An illustration of such a typical calendering system 10 is shown in FIGS. 1 and 2, which has three pairs of rolls (labeled as rolls 12, 14, 16, and 18) with a nip between pairs as well as a fifth roll 20, sometimes referred to as a take-off roll, that takes the sheet as it comes off the fourth roll 18. The purpose of this roll 20 is to provide tension to remove the sheet 22 as it exits the calender. The calender rolls that are part of a pair rotate in opposite directions or in the same linear direction/surface direction in the nip area 24 so that material that is fed into the entrance 26 of the nip is forced through the nip into the exit area 28 of the nip. For the first pair of rolls, the entrance of the nip is located above the rolls so that material is naturally fed into the nip via gravity upon startup or just before. Usually, a bank 30 of kneaded material (sometimes referred to as a bourelet by the inventor(s)) collects above the nip of the first pair of rolls so that enough material is present to form an uninterrupted sheet of material that can pass through the calendering system. This bank is created by oversupplying slightly the amount of material needed to create the sheet of material from a source of the material such as an extruder. In time, material is forced downward into the nip by the rotation of the rolls.

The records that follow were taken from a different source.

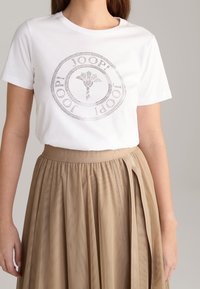 Camiseta blanca de algodón con un logo redondo y texturizado que presenta un diseño floral. Combinada con una falda beige con pliegues y una cinturilla con marca.
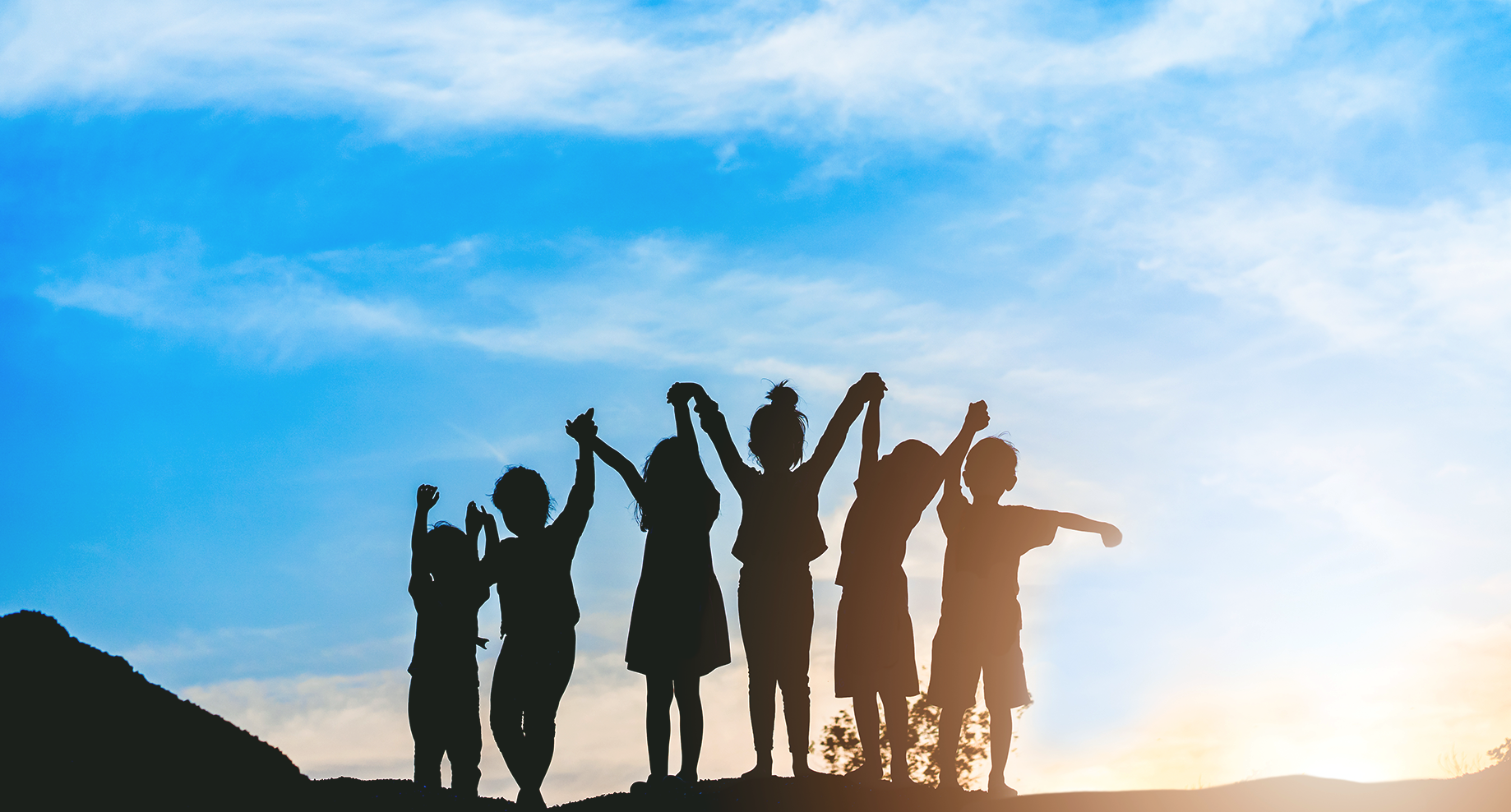 Silhouettes of children holding hands and raising arms joyfully against a sunset sky with clouds.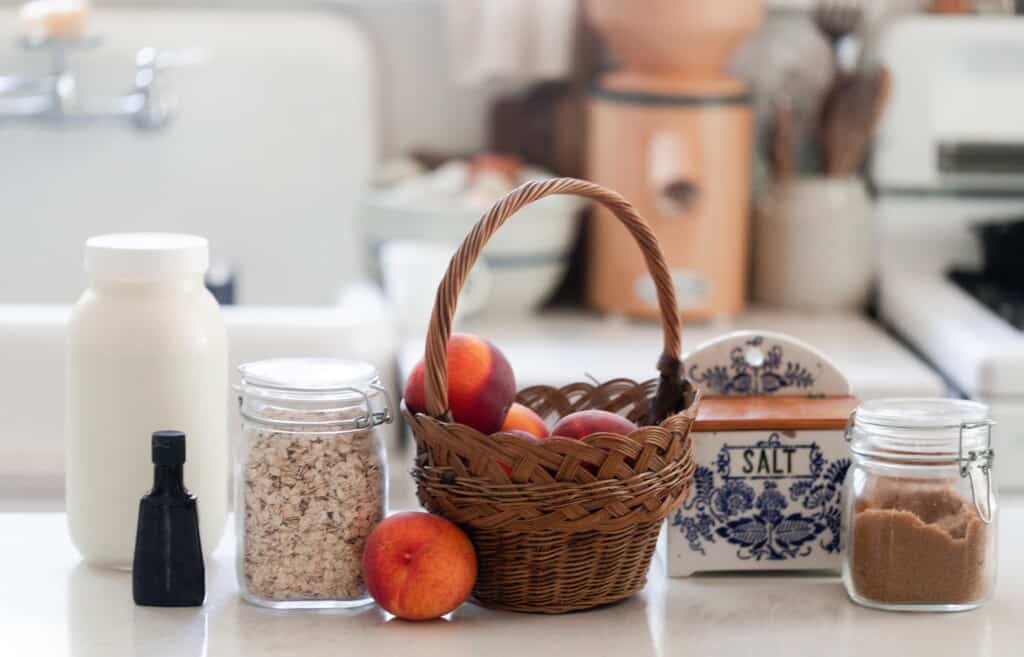 basket full of peaches, jar of oats, jar of brown sugar, and a jar of milk on a white kitchen island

After exiting the first nip area 24a, the material then winds in a counterclockwise direction around the second roll 14 until it is reaches the third roll 16 where it goes through a second nip area 24b. Once it exits, the material then winds in a clockwise direction around the third roll 16 and then encounters the fourth roll 18 where it goes through the third nip area 24c. At this point, the sheet then attaches to the fourth roll 18 where it is rotates in a counterclockwise direction once more around the bottom and part of the back of the fourth roll 18 and on top of the fifth roll 20, which is rotated in the clockwise direction and which is biased upwards to place the sheet in tension before it proceeds to a production center where some tire component is made using the sheet of material. This desired path is shown by the solid outline of material whereas an unintended circulation of material is represented by the dashed arrows as will be described in further detail later.

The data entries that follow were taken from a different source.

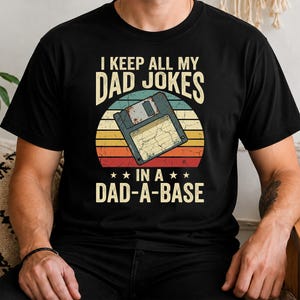 Op de afbeelding: Zwart t-shirt met een retro design met een diskette en de tekst "I KEEP ALL MY DAD JOKES IN A DAD-A-BASE". Het ontwerp bevat een achtergrond in zonsondergangstijl met gele, oranje en rode strepen.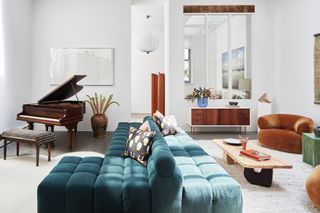A living room with white walls and colorful furniture
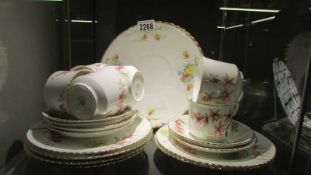 An Aynsley floral patterned tea set (missing sugar bowl) with an odd sandwich plate.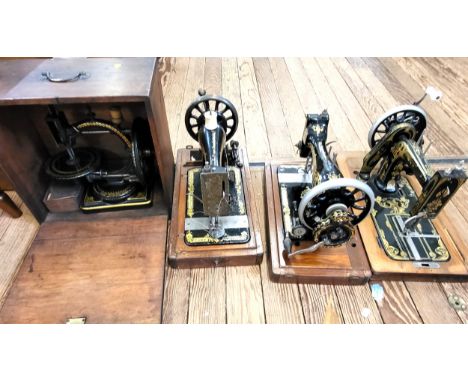 Four vintage/antique sewing machines in cases,  including two Singer, a Stoewer, and a Nussey &amp; Pilling. (4)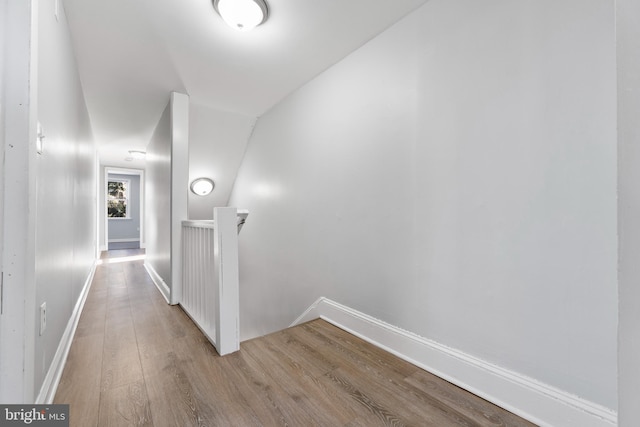 hallway featuring lofted ceiling and light hardwood / wood-style flooring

All the rolls or pairs of rolls can be commonly driven by a single motor using gears, chains, or belts. In such a case, the speed of all the rolls or of the rolls of a pair can be the same or can be different utilizing some sort of transmission system such as a variable speed ratio reducer between the rolls and the motor. Alternatively, all the rolls can be independently driven using a separate motor for each roll. In that case, electronic controls are sometimes furnished that allow tight and independent control of the speed of each roll by way of suitable programming by the operator or some other control algorithm executed by a computer. For example of rolls that are independently driven or that can operate at different adjustable speeds. See, e.g., U.S. Pat. Nos. 2,333,629; 4,444,361; and G.B. Pat. Nos. 856,454; 620,340.

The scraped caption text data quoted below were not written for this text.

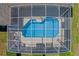 Birds eye view of a screened in pool with lounge chairs and a small table with chairs set on the patio at 310 N Hampton Dr, Davenport, FL 33897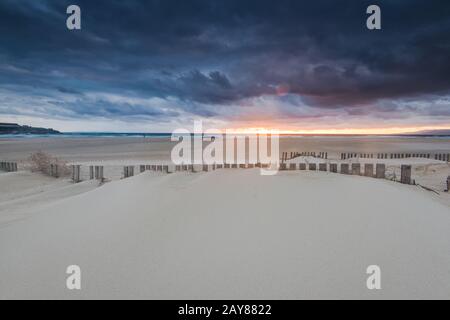 dramatic sunset and storm clouds over beach in Tarifa, Spain Stock Photo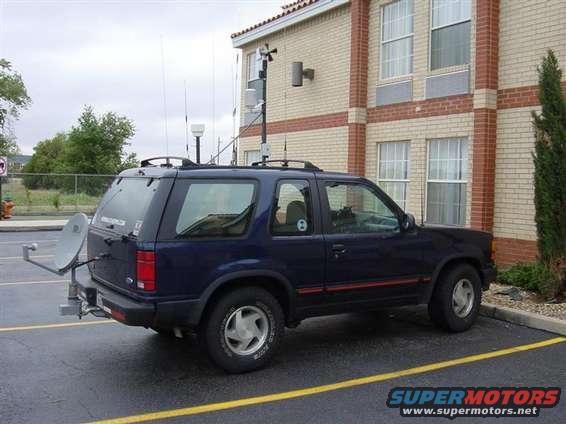 Dark blue SUV with a satellite dish mounted on the rear bumper, parked in a lot next to a brick building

An example of a production center that can be fed by a calender system is depicted by FIG. 3, which is disclosed in U.S. Patent Application Publication No. 20110036485, which is commonly owned by the assignee of the present invention and whose content is incorporated by reference for all purposes in its entirety. Portions of that application are reproduced herein as follows to describe how the process works and how it can be used in conjunction with the present invention. It should be noted that this is given by way of an example of a production center and that the present invention is equally applicable to any manufacture of a tire component that requires a calendering system of any sort including those that only have a single pair of rolls.
A system 110 for generating a multi-layered tire component in accordance with the methods described in the '485 application is generally shown in FIG. 3. System 110 generally operates to form a multi-layered tire component by winding strips 141 about a building surface. Because a tire component is a wound product, it generally forms a complete circle (i.e., a ring). The component is also referred to herein as a band. Also, system 110 generates a sheet 121 from which the strips 141 are formed, and, in particular embodiments, the sheet 121 remains continuous as it travels along a closed-loop path to and from a sheet generator 120. Accordingly, system 110 automatically returns any unused sheet material for reuse by generator 120. System 110 generally forms elastomeric tire components, such as, for example, tread, sub-tread, and cushion gum. It can also create a multi-layered band that is a profiled tire tread band.
In this embodiment, system 110 comprises a sheet generator 120, a cutting assembly 140, a strip applicator assembly 160, a recovery assembly 170, and a programmable logic control (not shown). System 110 may also include a roll assembly 130 for directing a sheet 121 from generator 120 to cutting assembly 140. Sheet generator 120 generally transforms input material 112 into a sheet 121, which is ultimately cut into strips 141 by cutting assembly 140.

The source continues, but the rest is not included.